◆ **RECORDS SHOWN**:
────

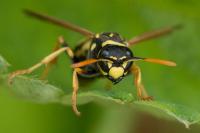 Polistes dominula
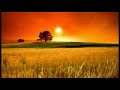 Boeremusiek - Wipneusie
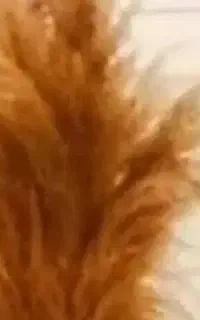 خریدار گندم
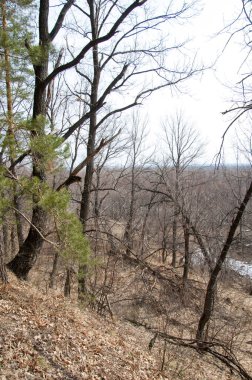 Bahar manzara. Çam ormanı içinde erken bahar, 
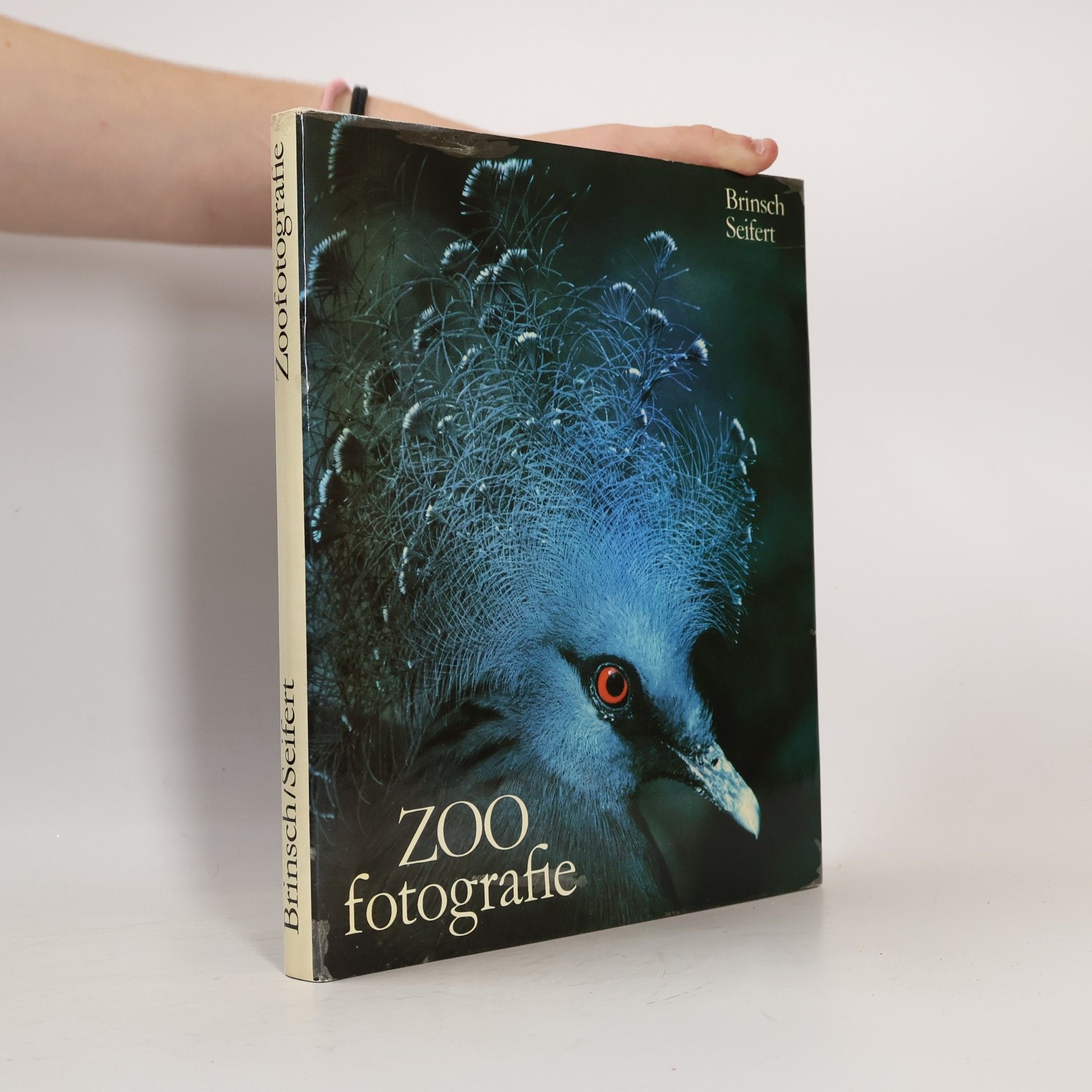 Roland Brinsch ZOO Fotografie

────

◆ **YOUR TASK**: Repeat every record above exactly. Omit the pictures.

◆ **WRITTEN RESPONSE**:
 Polistes dominula
 Boeremusiek - Wipneusie
 خریدار گندم
 Bahar manzara. Çam ormanı içinde erken bahar, 
 Roland Brinsch ZOO Fotografie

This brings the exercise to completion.